*** Given data ***
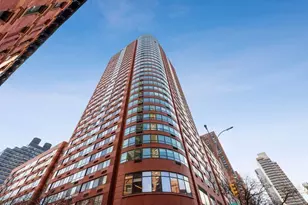 200 E 94th St, New York City, NY 10128 - Photo 20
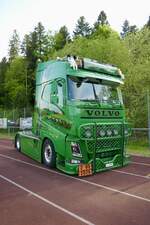 Volvo Zugmaschine von A Knöpfel am 2.5.26 beim Truck Event Huttwil.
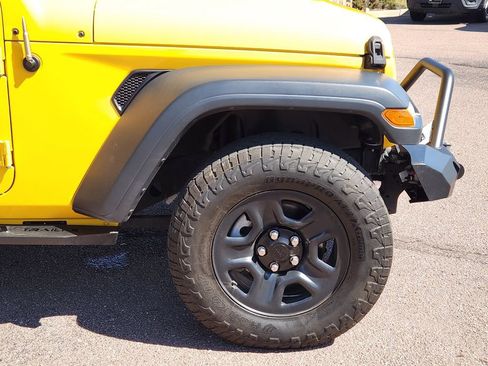 Used 2018 Jeep Wrangler Sport AWD/4WD image 29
*** End of Given data ***
Required action: From the material above, reproduce everything verbatim except the pictures.

Reply:
 200 E 94th St, New York City, NY 10128 - Photo 20
 Volvo Zugmaschine von A Knöpfel am 2.5.26 beim Truck Event Huttwil.
 Used 2018 Jeep Wrangler Sport AWD/4WD image 29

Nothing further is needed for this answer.